Un propos qui fait réagir Nezha Chekrouni: «Il est vrai que certaines conventions bilatérales doivent être réactualisées entre le Maroc et la France. Je vous propose la création d’une commission pour travailler sur ces dossiers. Quant à la dignité, nous sommes tous là pour défendre celle des Marocains où qu’ils soient» dit-elle. Même son de cloche au ministère de la Justice par la voix de son Secrétaire général, Mohammed Lididi «Cela fait cinq années que nous nous attachons à mettre à jour des accords bilatéraux de manière qu’ils soient en adéquation avec les réalités sociales comme la moudawana. Des discussions sont engagées avec l’Union européenne mais pour l’heure l’Europe n’a pas la possibilité de débattre sur les accords civils» annonce le représentant du Département de la Justice.

Tout se précise pour…2012
De fil en aiguille, l’épineux dossier du droit de vote et de l’éligibilité des MRE aux élections législatives 2007 s’est invité au débat. Contrairement aux prévisions, le bras de fer n’a pas eu lieu. Bien au contraire, autorités et représentants de la société civile ont croisé le fer. En effet, chacune des parties s’est exprimée en mettant en avant son argumentaire. Selon le Chef de cabinet du ministre de l’Intérieur, «l’exercice de la citoyenneté est une richesse que nous partageons tous, y compris le souci. Depuis le discours royal, nous travaillons pour donner une impulsion pour la participation des MRE aux élections 2007, via un changement du code électoral. Actuellement, nous axons notre action sur la mise à jour des listes électorales dans les consulats basés à l’étranger non sans difficulté car les listes consulaires ne reflètent pas toujours la réalité du terrain». Il précise que «compte tenu de l’expérience de 1984 (1er scrutin législatif avec la participation des MRE), nous travaillons sans précipitation. Si nous n’avons pas les moyens d’organiser la coupe du monde de football nous les avons pour organiser des élections avec la participation de notre diaspora», rétorque le Chef de cabinet de Chakib Benmoussa.

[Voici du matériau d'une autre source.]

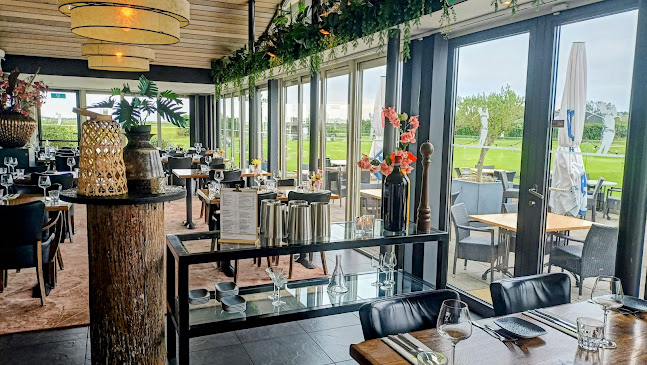 Brasserie 'in 't groen'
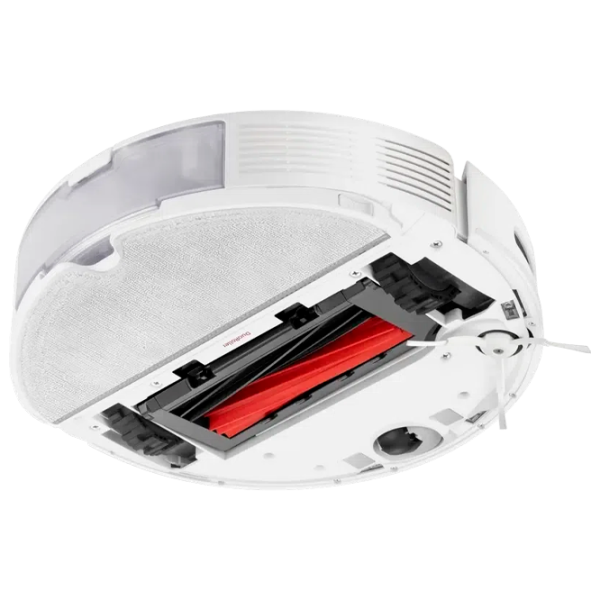 Робот пылесос Roborock Q8 Max Special Edition 5200 мАч / Белый photo 12 Робот пылесос Roborock Q8 Max Special Edition 5200 мАч / Белый photo 12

9 mois suffiront-ils pour organiser la logistique nécessaire dans les pays de résidence ? «Aucun pays au monde n’a réussi un tel chantier en 12 mois ! Sa Majesté le Roi n’a jamais précisé que la participation politique de la communauté marocaine à l’étranger devait intervenir en 2007 !» déclare Nezha Chekrouni. Dans la salle, on s’est contenté d’écouter avec attention les précisions apportées par le ministère de l’Intérieur, sans réaction palpable. Il est vrai que les participants étaient motivés par d’autres centres d’intérêts.

Une lecture en filigrane permet de conclure que la diaspora marocaine ne pourra exercer sa citoyenneté pleine dans son pays d’origine qu’à l’horizon 2012. D’ici là, les consulats auront mis à jour les listes consulaires et seront en mesure de tenir des bureaux de vote. Enfin, espérons-le…

Au détour de cette manifestation, on peut dire que l’opération de réconciliation entre la génération Hassan II et l’État marocain est bien amorcée. Reste à convaincre la génération Mohammed VI dont les exigences sont différentes. Pour réussir le doublé, il faudra une stratégie à la hauteur du défi. Un défi qui impose sincérité, humilité et détermination. L’enjeu, évitez de rééditer des «auditions» pour se réconcilier avec une génération…dans 40 ans.